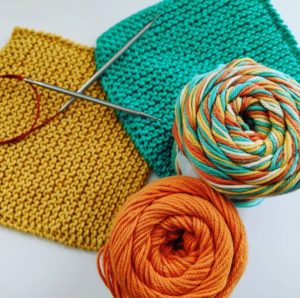 Photo: One yellow and one green washcloth, along with a set of circular knitting needles, and skeins of orange and multicolor cotton yarn.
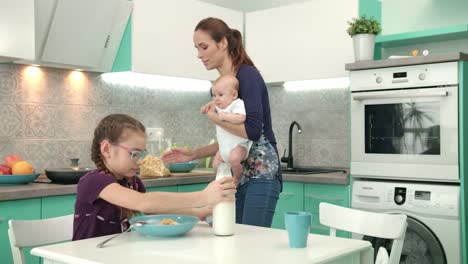 girl eating cereal breakfast with mother and baby boy. family breakfast time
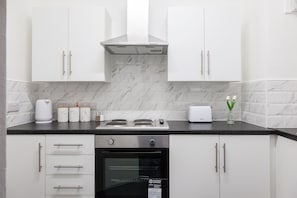 Fridge, stovetop, cookware/dishes/utensils, spices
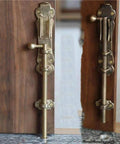Rugged Solid Brass Slide Bolt Gate Latch With Bulletproof Flip Mechanism For Knockout Garden Door Security Pro Grade Exterior Hardware Kit With Fasteners mounted on a wooden door.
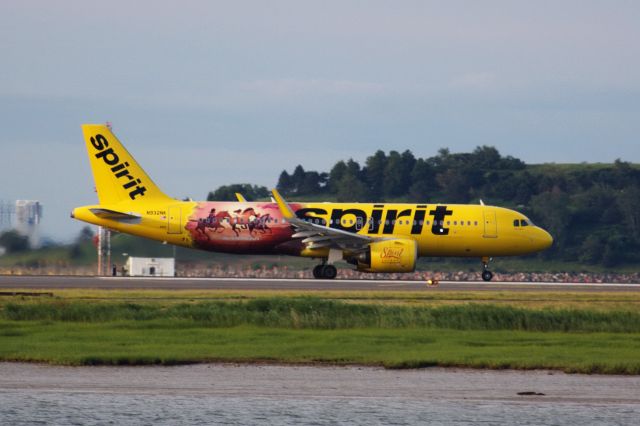 Airbus A320neo (N932NK) - Spirit A320-271N (N932NK) in special 'Spirit Untamed' livery departing Logan early morning on 6/23/21. Plane previously had Country Singer Brett Young special livery.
··········
The answer should be an exact copy of the material, with its pictures removed.

 Photo: One yellow and one green washcloth, along with a set of circular knitting needles, and skeins of orange and multicolor cotton yarn.
 girl eating cereal breakfast with mother and baby boy. family breakfast time
 Fridge, stovetop, cookware/dishes/utensils, spices
Rugged Solid Brass Slide Bolt Gate Latch With Bulletproof Flip Mechanism For Knockout Garden Door Security Pro Grade Exterior Hardware Kit With Fasteners mounted on a wooden door.
 Airbus A320neo (N932NK) - Spirit A320-271N (N932NK) in special 'Spirit Untamed' livery departing Logan early morning on 6/23/21. Plane previously had Country Singer Brett Young special livery.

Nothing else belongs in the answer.